BY DAVE HURLEY
SACRAMENTO – White sturgeon are already under assault from the relative ease of capture provided by new electronic technology, the effectiveness of cured salmon roe, and sharing of information within a network of expert anglers. On top of this, the effects of several years of drought and the lack of a hatchery program added to intense fishing pressure continue to threaten the viability of the survival of the white sturgeon.
But within all of threats to California’s white sturgeon population, there are those willing to break the law by illegally capturing, possessing, and selling this valuable species. We have been reporting about the poaching that has been occurring on the Sacramento River near the metropolitan airport, and wildlife officers arrested eight men on suspicion of poaching white sturgeon from valley waterways.
According to the press release from the CDFW, “The men face multiple charges, including intention to sell the fish and their products on the illegal market. At least two of the individuals are known repeat offenders. A ninth man was arrested on suspicion of selling Dungeness crab and red abalone on the illegal market. Wildlife officers were initially investigating two separate poaching cases when they discovered a connection between the suspects, leading them to merge the two cases into one.”
David Bess, CDFW Deputy Director and Chief of the Law Enforcement Division said, “Wildlife trafficking, coupled with suspected narcotics trafficking discovered in this investigation, is motivated by greed and personal profit. We take it seriously when poachers commercialize our wildlife, and we will continue to do everything we can to bring these individuals to justice.”
The case dates back to May 2021 when wildlife officers were investigating two Oakland residents for allegedly catching sturgeon and removing their eggs to sell to a family in San Francisco who processed the roe into caviar to sell on the illegal wildlife market.
The same two Oakland residents were in the process of investigation in January, and one of them was found in possession of an 85.5-inch white sturgeon stuffed into the truck of his vehicle on March 14th. The fish was still alive, and it was successfully returned to the water after evidence was processed. The individual was arrested on additional charges of conspiring to poach sturgeon and possession of an oversized sturgeon.
According to the press release, “During the investigation of the Knight’s Landing case, officers found a link connecting the two original suspects to another simultaneous investigation involving multiple sturgeon poaching suspects. Wildlife officers spent a considerable amount of time conducting surveillance on the additional suspects and believe the suspects caught a combined total of at least 36 sturgeon throughout the investigation. The suspects were also observed catching and using juvenile salmon as bait for the sturgeon, another unlawful act. Independent of the sturgeon poaching investigation, some of the suspects are also suspected of poaching and selling abalone and sport-harvested crabs on the illegal market. Abalone are now a protected species and may not be recreationally harvested.
On March 30, wildlife officers served eight search warrants with charges including conspiracy to poach sturgeon and multiple violations related to sturgeon fishing, such as unlawful possession of sturgeon, possession of oversized and/or undersized sturgeon, sturgeon tagging violations and the unlawful sale of sturgeon caviar and meat. Wildlife officers also discovered at least five unlawfully possessed deer (the total number will be determined after genetic analysis is complete), abalone, five illegal firearms including a full-auto handgun, a “ghost gun” with no serial number and an unlawfully possessed AR-15 assault rifle.
Officers also found illegal narcotics intended for sale, including more than 1,000 pounds of illegal cannabis, and more than $57,000 in cash and counterfeit currency.

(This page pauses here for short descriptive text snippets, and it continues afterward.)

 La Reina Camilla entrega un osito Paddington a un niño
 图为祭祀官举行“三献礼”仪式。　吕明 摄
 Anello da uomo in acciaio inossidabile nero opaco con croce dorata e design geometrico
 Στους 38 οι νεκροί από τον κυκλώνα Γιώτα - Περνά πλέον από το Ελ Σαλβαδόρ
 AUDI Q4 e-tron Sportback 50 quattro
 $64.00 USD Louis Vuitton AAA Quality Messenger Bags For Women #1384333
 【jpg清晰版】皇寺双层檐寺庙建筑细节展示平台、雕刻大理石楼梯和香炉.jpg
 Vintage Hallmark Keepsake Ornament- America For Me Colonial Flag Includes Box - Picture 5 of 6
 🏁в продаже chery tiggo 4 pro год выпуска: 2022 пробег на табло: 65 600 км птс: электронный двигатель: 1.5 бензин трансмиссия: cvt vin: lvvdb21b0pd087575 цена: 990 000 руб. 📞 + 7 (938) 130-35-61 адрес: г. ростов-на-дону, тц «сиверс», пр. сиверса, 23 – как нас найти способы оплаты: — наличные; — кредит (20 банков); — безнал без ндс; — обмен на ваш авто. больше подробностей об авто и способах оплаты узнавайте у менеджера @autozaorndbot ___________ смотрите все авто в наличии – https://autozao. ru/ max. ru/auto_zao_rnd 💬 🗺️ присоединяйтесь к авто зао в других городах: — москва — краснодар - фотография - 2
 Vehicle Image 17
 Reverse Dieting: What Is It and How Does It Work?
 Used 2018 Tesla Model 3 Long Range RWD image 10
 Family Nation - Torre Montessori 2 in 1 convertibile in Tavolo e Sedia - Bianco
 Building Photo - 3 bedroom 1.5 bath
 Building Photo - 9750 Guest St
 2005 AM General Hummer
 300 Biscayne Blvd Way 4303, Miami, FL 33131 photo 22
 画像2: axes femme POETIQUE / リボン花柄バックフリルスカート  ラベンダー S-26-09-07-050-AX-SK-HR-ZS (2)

During surveillance of the suspects while they were fishing, wildlife officers observed dozens of counts of littering, as the suspects routinely discarded their beverage containers and food wrappers into the river. Their observations of litter will be included among the violations presented to the District Attorney for potential prosecution.”
White sturgeon are facing enough challenges without being the object of exploitation for sale on the illegal market, and any violation of Fish and Game regulations ultimately affect all sportsmen.